# How much does it cost to ship a guitar in Canada?



## pickslide

Those out there who have shipped guitars within Canada, how much did you pay for shipping?


----------



## greco

Go to the Canada Post website.

You can get a quote if you know the 
1) weight 
2) size of the package and 
3) the postal code you are shipping to.

cheers

Dave


----------



## smorgdonkey

You are in for about $50 if it is in a guitar box with a case inside. It is the size of it that makes it cost that much.


----------



## pickslide

That is what I was thinking...around $50 in a guitar box. Thanks.


----------



## JSD's Guitar Shack

I ship them out Expedited parcel and it usually costs anywhere from $35 to $45 depending on size and how far its going.


----------



## mikereflector

cost depends on whether you ship air or ground,overnight or by snail method,size and weight of package and how much you insure for.


e.g. $148 overnight air from Vancouver to Niagara and that was for a '69Goldtop...


----------



## dan_

Check out Greyhound Express shipping...could save you a whack of dough, and get it there faster. (ie 15 pound box overnight to Montreal was $23....)


----------



## cdub66

Seems to depend on distance as well as size/weight-Tele in the black rectangular case they come in $105.00 Northern AB. to Ont.
Strat in the new SKS (or whatever they're called) case (which is slightly larger) $55.00 Northern AB. to central AB.

Both shipped Canadapost Expresspost, both equally packed and over-wrapped with cardboard.

Heck it cost $30.00 to ship a POD 2.0 to Ont.

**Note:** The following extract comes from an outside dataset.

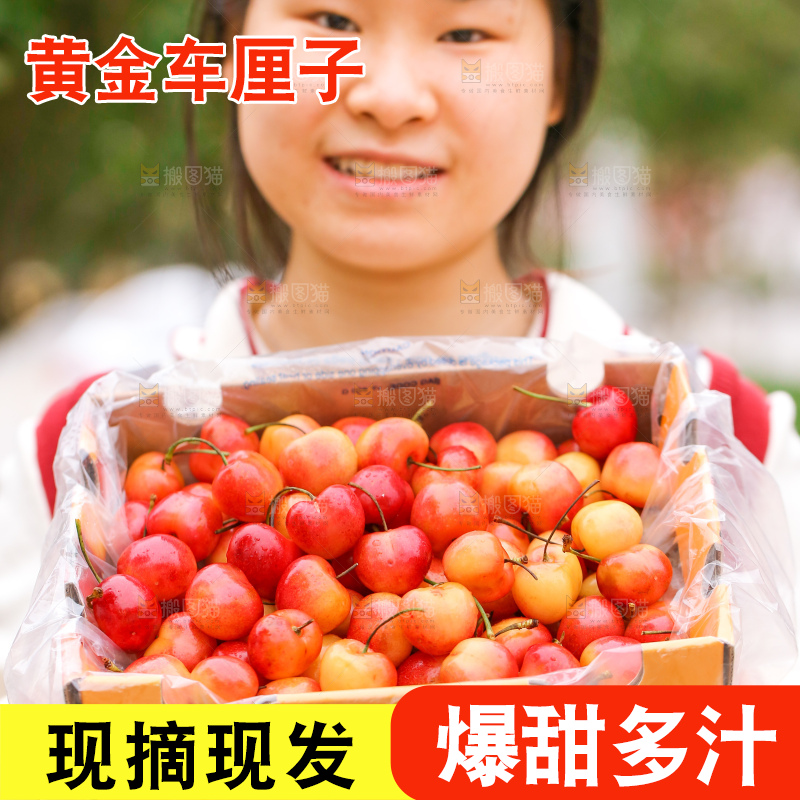 手里拿着黄金车厘子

Expresspost.

Although, in Canadapost's defence-everything has arrived intact and on time.

My $0.02


----------



## salv

For shipping within Canada, Fedex Ground is cheaper than Canada Post and ground is quicker than expedited parcel.


----------



## torndownunit

dan_ said:


> Check out Greyhound Express shipping...could save you a whack of dough, and get it there faster. (ie 15 pound box overnight to Montreal was $23....)

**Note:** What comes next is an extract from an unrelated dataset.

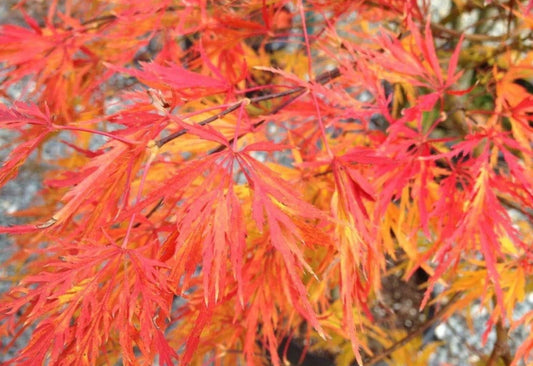 Acer Palmatum Dissectum Viridis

I was nervous first time I used this method, but it was indeed super cheap. The item arrived on time, and there wasn't a single mark on the box. I have used it one other time since, and been very happy. It's not that common of a method though, so people are leery of it sometimes.

The shipping rates are all over the place. Which is why it's best to go to Canada Post's site after you get a box and the dimensions. I shipped a 50 lb amp head to Thunder Bay Express Post with $1000 insurance for about $30.... but I have paid that much to ship small parcels to B.C. through Xpress Post.


----------



## Scottone

torndownunit said:


> .... but I have paid that much to ship small parcels to B.C. through Xpress Post.


Shipping costs between Ontario and B.C. can be brutal...especially to the island.

Thats a good tip about Greyhound's service..


----------



## Sugar

Will Canada Post package it for you?


----------



## dtsaudio

> The shipping rates are all over the place. Which is why it's best to go to Canada Post's site after you get a box and the dimensions


 I once took the same parcel to two different post offices, and got two substantially different prices. 



> Will Canada Post package it for you?


 No. Only UPS does that at a UPS store. Costs a fortune and they pack very poorly.


----------



## Intrepid

I would rather pack the guitar myself to make sure there is support at the neck and headstock and plenty of padding between the case and box. I mostly use Canada Post and have never paid more than $50.00 within Canada. I once used UPS to ship a vintage Martin to B.C and paid around $150.00 with insurance and it was there in less than 3 days.


----------